## DATA TO EXAMINE
────────

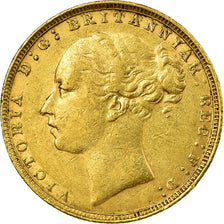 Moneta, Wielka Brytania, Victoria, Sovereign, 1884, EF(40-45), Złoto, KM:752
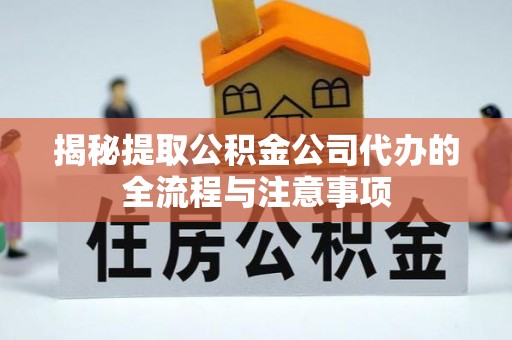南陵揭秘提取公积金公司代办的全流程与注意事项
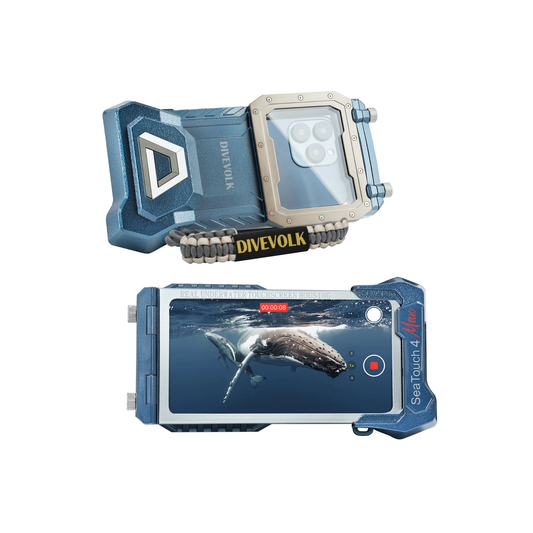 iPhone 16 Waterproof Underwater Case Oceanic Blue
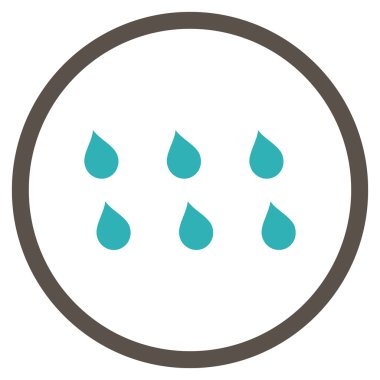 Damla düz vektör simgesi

────────

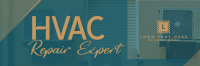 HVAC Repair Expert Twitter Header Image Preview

────────

## TO DO
Look above for the line with "EF(40-45), Złoto, KM:752" and the line with "Damla düz vektör simgesi"; set down those two lines and all lines between them exactly, without pictures and without anything else.

## EXERCISE SOLUTION
 Moneta, Wielka Brytania, Victoria, Sovereign, 1884, EF(40-45), Złoto, KM:752
南陵揭秘提取公积金公司代办的全流程与注意事项
 iPhone 16 Waterproof Underwater Case Oceanic Blue
 Damla düz vektör simgesi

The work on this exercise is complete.